---
name: benchmark-kernel
description: Guide for benchmarking FlashInfer kernels with CUPTI timing
---

# Tutorial: Benchmarking FlashInfer Kernels

This tutorial shows you how to accurately benchmark FlashInfer kernels.

## Goal

Measure the performance of FlashInfer kernels:
- Get accurate GPU kernel execution time
- Compare multiple backends (FlashAttention2/3, cuDNN, CUTLASS, TensorRT-LLM)
- Generate reproducible benchmark results
- Save results to CSV for analysis

## Timing Methods

FlashInfer supports two timing methods:

1. **CUPTI (Preferred)**: Hardware-level profiling for most accurate GPU kernel time
   - Measures pure GPU compute time without host-device overhead
   - Requires `cupti-python >= 13.0.0` (CUDA 13+)

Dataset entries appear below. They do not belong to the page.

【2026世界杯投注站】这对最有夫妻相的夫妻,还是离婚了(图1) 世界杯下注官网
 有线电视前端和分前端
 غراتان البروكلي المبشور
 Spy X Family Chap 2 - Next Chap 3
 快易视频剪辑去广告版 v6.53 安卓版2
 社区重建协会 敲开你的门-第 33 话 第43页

2. **CUDA Events (Fallback)**: Standard CUDA event timing
   - Automatically used if CUPTI is not available
   - Good accuracy, slight overhead from host synchronization

**The framework automatically uses CUPTI if available, otherwise falls back to CUDA events.**

## Installation

### Install CUPTI (Recommended)

For the most accurate benchmarking:

```bash
pip install -U cupti-python
```

**Requirements**: CUDA 13+ (CUPTI version 13+)

### Without CUPTI

If you don't install CUPTI, the framework will:
- Print a warning: `CUPTI is not installed. Falling back to CUDA events.`
- Automatically use CUDA events for timing
- Still provide good benchmark results

## Method 1: Using flashinfer_benchmark.py (Recommended)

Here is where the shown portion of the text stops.